MannKind Corp (MNKD) 2021 Q3 法說會逐字稿

Good afternoon, and welcome to the MannKind Corporation Third Quarter 2021 Earnings Call. As a reminder, this call is being recorded on November 9, 2021, and will be available for playback on the MannKind Corporation website shortly after the conclusion of this call until November 23, 2021.

This call will contain forward-looking statements. Such forward-looking statements are subject to risks and uncertainties, which could cause actual results to differ materially from the stated expectations. For further information on the company's risk factors, please see their 10-Q report filed with the Securities and Exchange Commission this afternoon, the earnings release and the slides prepared for this presentation.

Joining us today from MannKind are Chief Executive Officer, Michael Castagna; and Chief Financial Officer, Steven Binder. I would now like to turn the conference over to Mr. Castagna. Please go ahead, sir.

Good afternoon, everyone, and I apologize for that delay. We were having a problem with the audio and couldn't quite figure out whose end it was. So I do apologize, and we'll jump right in, and I'll try not to speak faster.

So quickly, I'm going to 'll talk about our operational highlights, where we've been and where we're going. First, I want to thank our shareholders for their support and feedback over the last few months. Obviously, the news received a few weeks ago was not something we expected, but we do think it's something manageable, then we'll get through that I'll talk about. Also, our MannKind employees who worked so hard during Q3 to ensure we are executing on all our 3 key priorities: Tyvaso DPI production and scale, progress of our pipeline and driving Afrezza growth in the U.S.

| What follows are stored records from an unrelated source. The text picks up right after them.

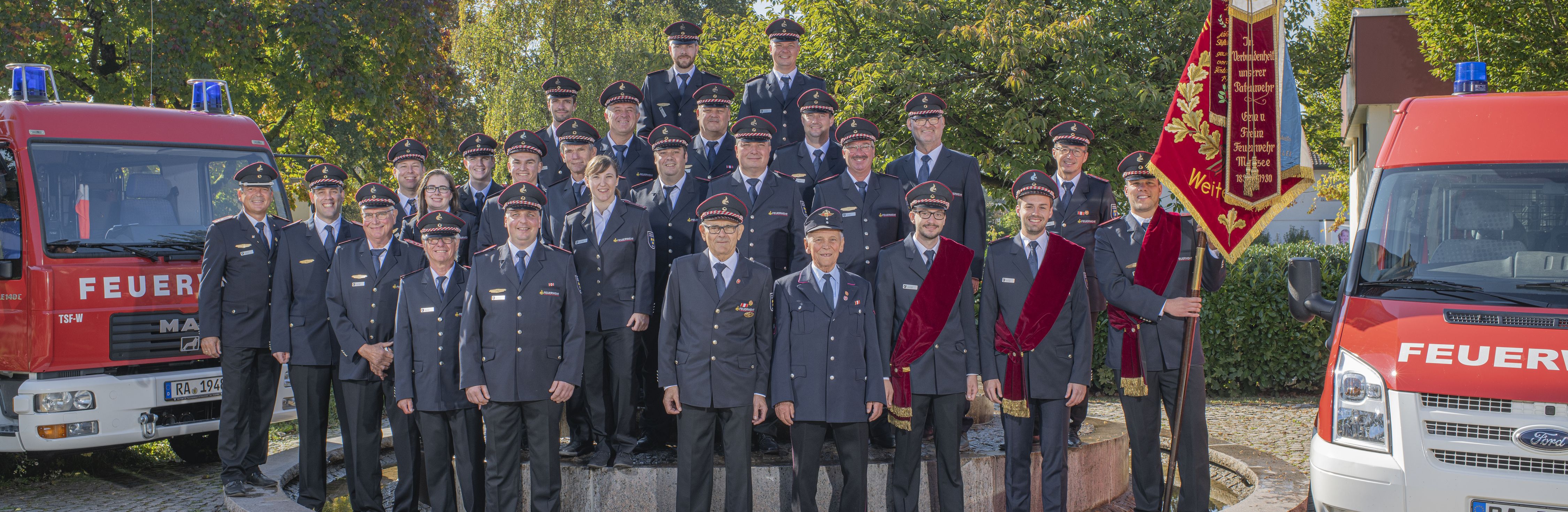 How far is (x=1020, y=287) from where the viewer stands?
5.59m

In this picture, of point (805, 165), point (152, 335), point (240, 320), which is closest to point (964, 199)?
point (805, 165)

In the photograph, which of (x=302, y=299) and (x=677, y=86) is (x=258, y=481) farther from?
(x=677, y=86)

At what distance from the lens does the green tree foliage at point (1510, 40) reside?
1241 centimetres

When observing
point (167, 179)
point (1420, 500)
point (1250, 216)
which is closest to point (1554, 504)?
point (1420, 500)

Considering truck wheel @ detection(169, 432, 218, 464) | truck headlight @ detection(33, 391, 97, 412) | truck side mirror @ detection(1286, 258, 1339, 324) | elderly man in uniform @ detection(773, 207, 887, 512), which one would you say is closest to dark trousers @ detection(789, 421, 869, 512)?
elderly man in uniform @ detection(773, 207, 887, 512)

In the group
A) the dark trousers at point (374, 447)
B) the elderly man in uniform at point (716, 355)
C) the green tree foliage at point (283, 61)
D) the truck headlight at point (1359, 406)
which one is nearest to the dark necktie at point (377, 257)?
the dark trousers at point (374, 447)

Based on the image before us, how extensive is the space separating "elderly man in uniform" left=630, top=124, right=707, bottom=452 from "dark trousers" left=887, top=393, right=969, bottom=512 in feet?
5.48

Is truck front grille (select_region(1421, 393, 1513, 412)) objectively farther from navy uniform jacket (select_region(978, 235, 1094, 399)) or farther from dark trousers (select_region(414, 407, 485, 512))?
dark trousers (select_region(414, 407, 485, 512))

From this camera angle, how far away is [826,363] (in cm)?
527

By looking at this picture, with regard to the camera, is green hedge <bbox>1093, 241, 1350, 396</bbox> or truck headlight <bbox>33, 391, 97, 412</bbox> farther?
green hedge <bbox>1093, 241, 1350, 396</bbox>

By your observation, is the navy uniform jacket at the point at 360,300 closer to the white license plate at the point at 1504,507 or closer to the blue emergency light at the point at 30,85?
the blue emergency light at the point at 30,85

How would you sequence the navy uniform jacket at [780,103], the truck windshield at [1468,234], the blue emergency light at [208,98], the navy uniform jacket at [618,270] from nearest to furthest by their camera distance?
the truck windshield at [1468,234], the navy uniform jacket at [618,270], the navy uniform jacket at [780,103], the blue emergency light at [208,98]

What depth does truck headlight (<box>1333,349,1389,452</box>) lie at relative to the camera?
4133 mm

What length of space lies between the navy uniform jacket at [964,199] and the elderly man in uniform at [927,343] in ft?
2.60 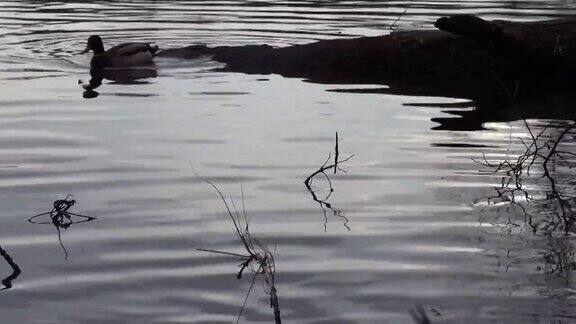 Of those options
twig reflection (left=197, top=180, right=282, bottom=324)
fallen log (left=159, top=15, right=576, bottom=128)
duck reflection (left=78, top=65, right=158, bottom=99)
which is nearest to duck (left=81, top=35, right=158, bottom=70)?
duck reflection (left=78, top=65, right=158, bottom=99)

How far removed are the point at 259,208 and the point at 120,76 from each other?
8.72m

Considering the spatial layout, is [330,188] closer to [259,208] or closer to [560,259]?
[259,208]

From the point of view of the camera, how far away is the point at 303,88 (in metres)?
14.2

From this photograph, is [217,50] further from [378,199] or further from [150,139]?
[378,199]

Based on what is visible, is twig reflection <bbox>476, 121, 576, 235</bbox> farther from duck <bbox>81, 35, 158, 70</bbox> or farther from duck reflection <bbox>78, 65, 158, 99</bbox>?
duck <bbox>81, 35, 158, 70</bbox>

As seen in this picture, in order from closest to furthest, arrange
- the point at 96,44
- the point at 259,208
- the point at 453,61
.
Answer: the point at 259,208 → the point at 453,61 → the point at 96,44

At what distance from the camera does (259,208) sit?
781cm

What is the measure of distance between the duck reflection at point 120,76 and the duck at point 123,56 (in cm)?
11

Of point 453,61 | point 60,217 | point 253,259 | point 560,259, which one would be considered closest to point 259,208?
point 60,217

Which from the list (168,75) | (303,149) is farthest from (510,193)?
(168,75)

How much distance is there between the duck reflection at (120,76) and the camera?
14971 mm

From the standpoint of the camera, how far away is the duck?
53.8ft

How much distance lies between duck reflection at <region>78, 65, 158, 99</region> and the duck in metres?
0.11

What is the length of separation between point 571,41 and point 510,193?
594cm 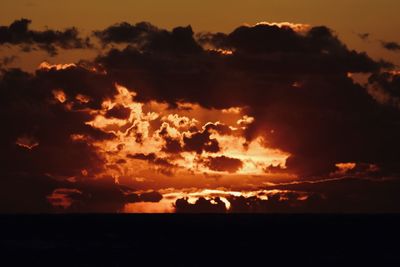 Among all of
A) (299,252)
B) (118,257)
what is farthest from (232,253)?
(118,257)

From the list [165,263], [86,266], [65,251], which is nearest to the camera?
[86,266]

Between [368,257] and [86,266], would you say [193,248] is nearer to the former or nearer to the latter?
[368,257]

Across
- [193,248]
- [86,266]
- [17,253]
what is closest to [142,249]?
[193,248]

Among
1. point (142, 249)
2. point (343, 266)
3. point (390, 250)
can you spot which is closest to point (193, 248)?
point (142, 249)

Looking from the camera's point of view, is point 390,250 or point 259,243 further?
point 259,243

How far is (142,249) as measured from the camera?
127625 millimetres

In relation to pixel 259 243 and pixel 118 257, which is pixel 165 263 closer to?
Result: pixel 118 257

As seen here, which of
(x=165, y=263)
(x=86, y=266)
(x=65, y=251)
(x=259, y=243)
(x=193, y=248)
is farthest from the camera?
(x=259, y=243)

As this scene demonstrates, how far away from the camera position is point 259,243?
14975 centimetres

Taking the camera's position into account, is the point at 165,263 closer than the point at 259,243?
Yes

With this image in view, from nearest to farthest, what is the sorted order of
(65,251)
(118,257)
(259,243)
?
(118,257), (65,251), (259,243)

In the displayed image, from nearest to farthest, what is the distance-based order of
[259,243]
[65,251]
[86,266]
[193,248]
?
[86,266]
[65,251]
[193,248]
[259,243]

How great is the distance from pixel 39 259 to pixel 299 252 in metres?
41.3

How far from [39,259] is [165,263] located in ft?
54.5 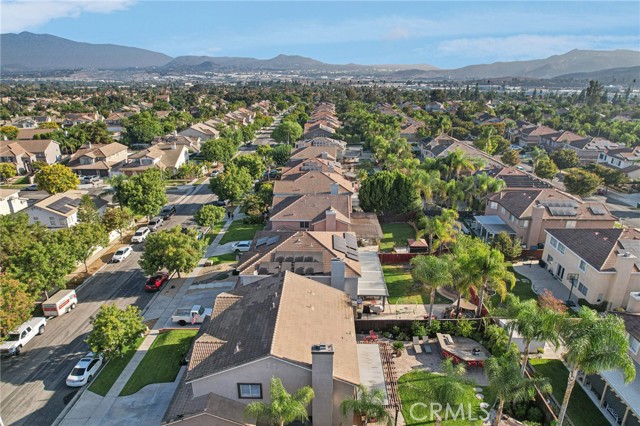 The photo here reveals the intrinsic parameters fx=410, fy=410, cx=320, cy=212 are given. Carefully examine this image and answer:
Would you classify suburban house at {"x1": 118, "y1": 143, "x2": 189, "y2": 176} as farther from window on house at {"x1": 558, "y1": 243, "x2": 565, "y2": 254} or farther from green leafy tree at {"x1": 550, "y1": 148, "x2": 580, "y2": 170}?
green leafy tree at {"x1": 550, "y1": 148, "x2": 580, "y2": 170}

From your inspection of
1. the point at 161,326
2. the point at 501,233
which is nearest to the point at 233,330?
the point at 161,326

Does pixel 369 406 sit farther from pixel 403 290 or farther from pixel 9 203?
pixel 9 203

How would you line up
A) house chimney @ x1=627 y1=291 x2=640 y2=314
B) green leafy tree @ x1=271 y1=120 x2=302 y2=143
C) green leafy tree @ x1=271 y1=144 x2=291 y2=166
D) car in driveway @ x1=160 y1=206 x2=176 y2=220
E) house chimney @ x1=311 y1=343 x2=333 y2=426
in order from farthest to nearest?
green leafy tree @ x1=271 y1=120 x2=302 y2=143 → green leafy tree @ x1=271 y1=144 x2=291 y2=166 → car in driveway @ x1=160 y1=206 x2=176 y2=220 → house chimney @ x1=627 y1=291 x2=640 y2=314 → house chimney @ x1=311 y1=343 x2=333 y2=426

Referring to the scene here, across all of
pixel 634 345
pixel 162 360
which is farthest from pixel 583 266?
pixel 162 360

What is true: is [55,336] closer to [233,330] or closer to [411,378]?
[233,330]

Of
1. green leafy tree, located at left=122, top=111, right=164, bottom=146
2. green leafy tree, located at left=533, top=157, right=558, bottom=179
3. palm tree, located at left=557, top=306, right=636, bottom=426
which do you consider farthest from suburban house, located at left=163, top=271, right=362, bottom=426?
green leafy tree, located at left=122, top=111, right=164, bottom=146

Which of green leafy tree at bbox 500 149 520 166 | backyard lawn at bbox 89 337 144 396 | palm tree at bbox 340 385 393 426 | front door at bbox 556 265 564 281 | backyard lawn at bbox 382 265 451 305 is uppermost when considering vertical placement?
green leafy tree at bbox 500 149 520 166

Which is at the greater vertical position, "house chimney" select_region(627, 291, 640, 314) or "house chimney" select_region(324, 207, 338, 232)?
"house chimney" select_region(324, 207, 338, 232) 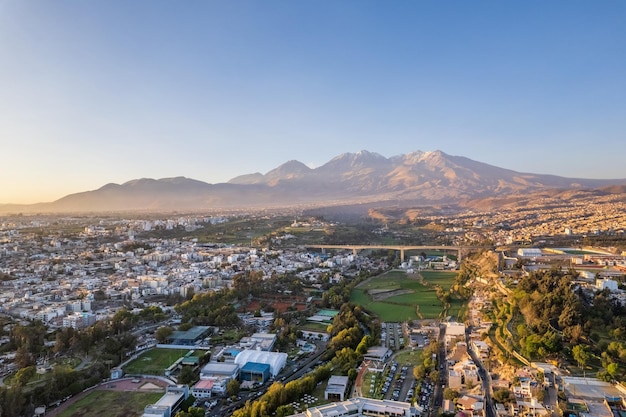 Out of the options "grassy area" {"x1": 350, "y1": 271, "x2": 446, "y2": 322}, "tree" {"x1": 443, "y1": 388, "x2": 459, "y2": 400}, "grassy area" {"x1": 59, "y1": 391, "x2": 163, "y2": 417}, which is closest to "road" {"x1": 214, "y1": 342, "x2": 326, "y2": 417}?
"grassy area" {"x1": 59, "y1": 391, "x2": 163, "y2": 417}

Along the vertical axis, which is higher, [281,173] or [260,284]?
[281,173]

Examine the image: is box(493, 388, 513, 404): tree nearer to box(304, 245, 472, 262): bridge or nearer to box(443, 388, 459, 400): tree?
box(443, 388, 459, 400): tree

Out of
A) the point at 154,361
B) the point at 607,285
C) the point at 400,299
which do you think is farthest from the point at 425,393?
the point at 400,299

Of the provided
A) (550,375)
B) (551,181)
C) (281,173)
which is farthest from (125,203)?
(550,375)

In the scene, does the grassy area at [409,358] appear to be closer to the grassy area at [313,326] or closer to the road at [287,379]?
the road at [287,379]

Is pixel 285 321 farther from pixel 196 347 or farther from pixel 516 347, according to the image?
pixel 516 347

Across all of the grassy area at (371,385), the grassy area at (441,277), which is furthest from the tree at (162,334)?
the grassy area at (441,277) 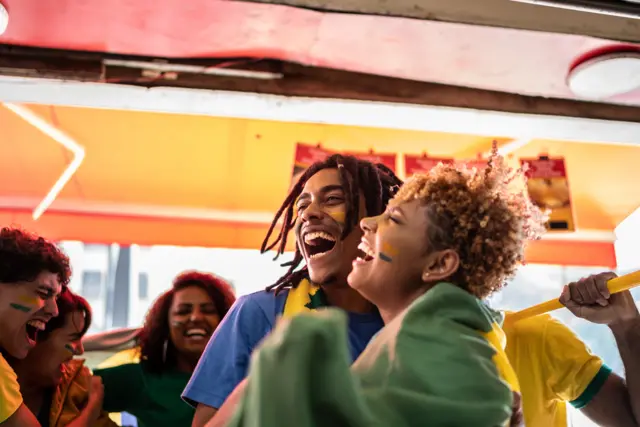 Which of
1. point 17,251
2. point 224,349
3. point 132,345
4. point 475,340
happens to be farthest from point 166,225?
point 475,340

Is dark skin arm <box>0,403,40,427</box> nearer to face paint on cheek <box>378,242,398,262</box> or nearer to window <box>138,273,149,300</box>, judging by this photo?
face paint on cheek <box>378,242,398,262</box>

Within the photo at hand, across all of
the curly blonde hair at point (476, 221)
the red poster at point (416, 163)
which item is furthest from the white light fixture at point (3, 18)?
the red poster at point (416, 163)

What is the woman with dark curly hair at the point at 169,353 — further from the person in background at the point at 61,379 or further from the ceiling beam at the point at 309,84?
the ceiling beam at the point at 309,84

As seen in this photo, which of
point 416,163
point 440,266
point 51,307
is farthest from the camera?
point 416,163

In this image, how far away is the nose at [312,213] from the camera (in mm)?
1681

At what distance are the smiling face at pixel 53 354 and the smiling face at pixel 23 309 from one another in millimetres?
83

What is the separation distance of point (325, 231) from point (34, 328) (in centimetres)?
123

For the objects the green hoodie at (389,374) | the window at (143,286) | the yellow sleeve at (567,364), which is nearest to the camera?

As you look at our revenue, we're really, really happy to see that in Q3 2021, we had $22 million in revenue, which was 45% over last year. And we look at Afrezza that grew 34% to $9.8 million over last year. And overall year-to-date, 35% total revenue growth and 25% on Afrezza. We're really proud of those results and look forward to continuing to drive future growth as we move forward.

When you look at orphan lung area, I want to talk about a couple of things. Number one, our United collaboration. I'll talk about the CRL on the next slide, but I want to let you know that we've begun commercial manufacturing, and we continue to hire and expand our facility in Danbury to handle the expected future demand coming from Tyvaso DPI. On the pipeline, I'm going to share some new data with you today. We had some really positive data come out in our pre-IND tox studies for inhaled clofazimine and plan to start Phase I here in Q4. Additionally, we're just ramping up formulation work with our TGF-beta for IPS, and also almost near done clofazimine DPI dosing in terms of inhalation.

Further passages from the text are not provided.